O’Brien disagreed and insisted that the restrictive terms of the development agreement, including a stipulation that the new town centre would be completed by August 2019, represented a good opportunity for the people of Bray.

However, he opened up another potential controversy as he sought to explain why it required the valuation from Bannon, after Navybrook had submitted its €2.6m offer.

Further uncomfortable questions for the Council arose when O’Brien explained to Councillors how the valuation and tendering process for the Florentine site was carried out. He said that, in 2013, the Council had hired Savills to advise on the potential rental income and value of the site. In 2017, Savills, he said were also commissioned by Navybrook to advise on its intended purchase of the site.

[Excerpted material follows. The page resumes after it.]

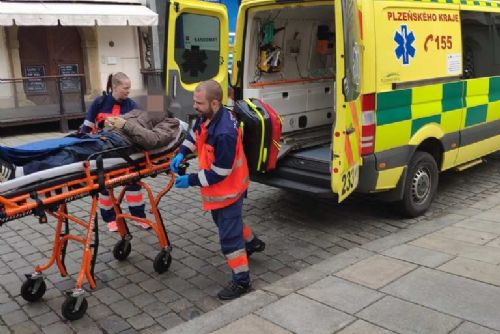 Foto: Strážníci pomohli v Plzni muži s epileptickým záchvatem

Savills, according to O’Brien, continued to work for the Council during this period. After the Council received the €2.6m offer from Navybrook, it sought a fresh tender from Bannon which came in at the €750,000 estimate in the valuation report provided in December 2017.

O’Brien said that it could not release the Development Agreement to councillors as it contained confidential valuation information. He did not disclose the original valuation of Florentine provided by Savills to the Council. Neither did he explain, nor was he asked, whether there was a potential conflict of interest arising from the fact that Savills was advising both Navybrook and the Council at the same time. He insisted that as Bannon had no involvement with Navybrook there was no conflict of interest on the part of the property consultants.

O’Brien said: “We went and sought a valuation before the final tenders came in and we engaged Bannons, who are the other big retail property house in Dublin. Savills would be the other one but we already had them on board….I happen to know that Navybrook are using Savills to look for tenants for their site which I understand, they wouldn’t divulge who they’ve got but they said they made great headway on that. But Bannons have not been involved with Navybrook. I see no conflict of interest whatsoever”.

He explained why the Council sought an ‘extra’ valuation from Bannon, which suggested that an earlier one had been provided by Savills.

“That’s the reason why we got the other valuation because if we had got a number of tenders that were all around the same sort of figure, we would have been actually quite happy about it. So we got, that’s why we got the extra valuation done. The valuers themselves put in big – they made very, very clear in the valuation it is based on the fact that they have to build out the centre within a short time. That was the underlying value of that at all stages”.

The motion for disposal of the Florentine site to Navybrook was passed by a comfortable majority of 29 votes to 0, with 4 abstentions.